Note: This discussion is restricted to the domain of web based consumer products/services
Every business has two fundamental questions it must address in order to survive: How do I attract users and what must I do to retain them? This question (and virtually every other question that comes up when designing your product) can be better answered if posed as a rather simple, economic one: is the utility I’m providing to my user greater than or equal to his/her opportunity cost at this very moment? In the world of micro-economics, it’s the most basic question a person asks when making any decision.
Opprtunity Cost
Let’s first start by examining what the user’s opportunity cost really is. As a web user, there is no limit to the products and services that are made available to you. At any given moment, there is an overabundance of information that could be more relevant to you than what you are doing right now (such as reading an important email, looking at a new update in your RSS reader, breaking news, a link your friend sent you, checking out your Facebook page… the list is endless).

Information Overload
Source: http://www.acm.org/crossroads/xrds1-1/mnelson.html
This opportunity cost is also a function of the user’s intent at the time (or more generally, the scope of the intent). If a user is looking for specific information addressing a particular need, she values that information more at this particular moment than the value provided by other non-related products or services. For instance, if Samantha is looking for the cheapest air tickets to Phoenix, her immediate value of being at Kayak.com is much more than her being at nytimes.com and is more likely to outweigh the opportunity cost of being elsewhere. This is a key (and obvious) attribute that must be exploited by any product developer and/or marketer and is largely done by maintaining and controlling user expectations (via product positioning and branding), targeting the right market segments and of course by the very nature of your product. Aligning your value prop with a user’s current intent mitigates her opportunity cost and makes her willing to commit more of her attention on your product than she would otherwise. There is therefore an inverse relationship between the user’s opportunity cost and her attention (and hence a direct relationship between the value provided and her attention).

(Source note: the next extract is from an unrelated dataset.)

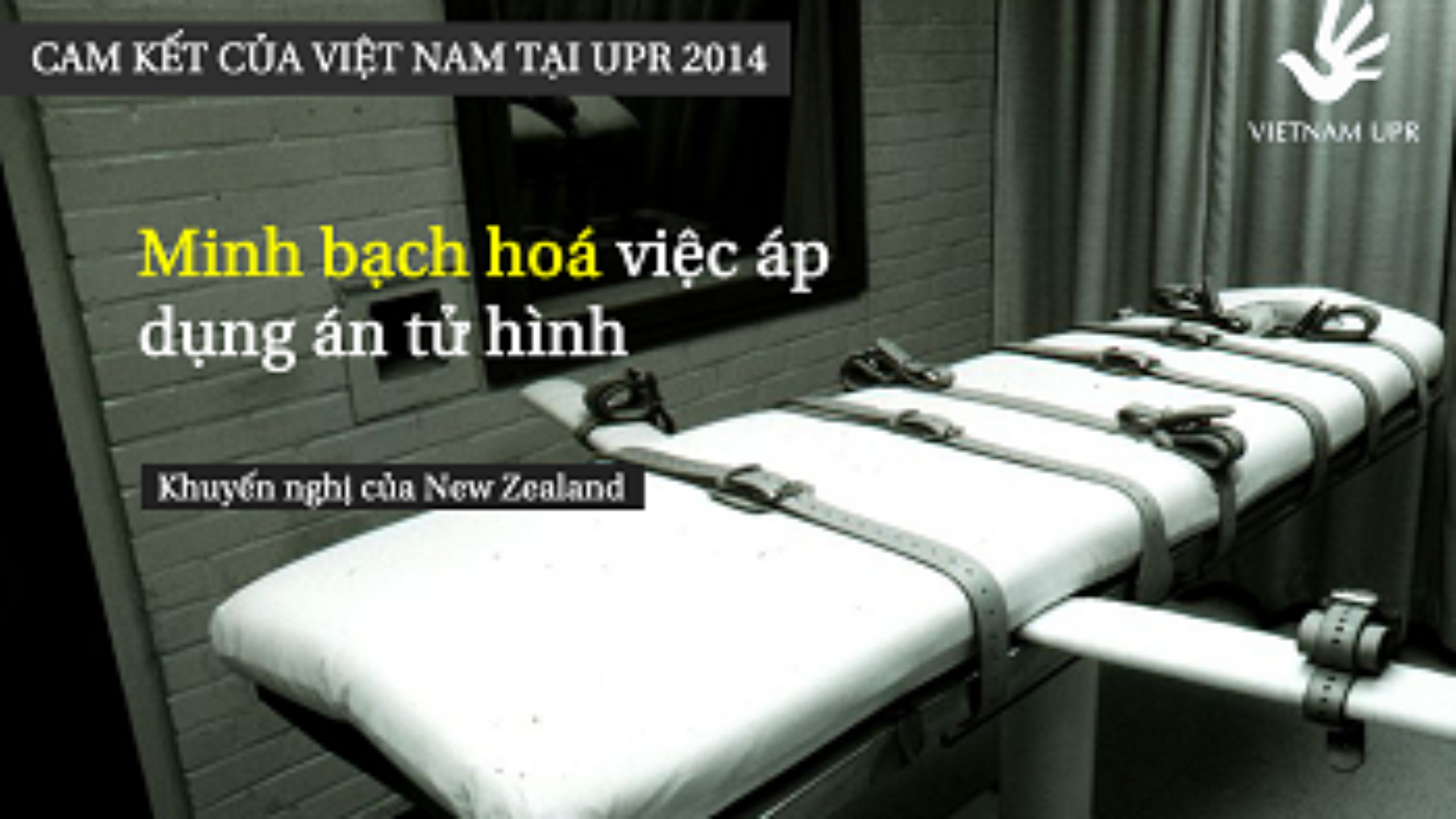 Bạn có biết: Minh bạch hóa việc sử dụng án Tử hình – Những cam kết của Việt Nam về án tử hình tại UPR 2014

There is also very little preventing you from going to another website or trying another product. Unlike traditional products, for instance a television, where once you have invested in it, there is a high cost of switching to a competitor (packing it back up, taking to the store, or calling tech support and waiting for them to come pick it up or you having to mail it back, or disposing it and buying a new one), today that cost is simply the click of a button. This ease of switching to a different product removes any transactional and substitutional costs and further “increases” the opportunity cost of a user sticking to one product.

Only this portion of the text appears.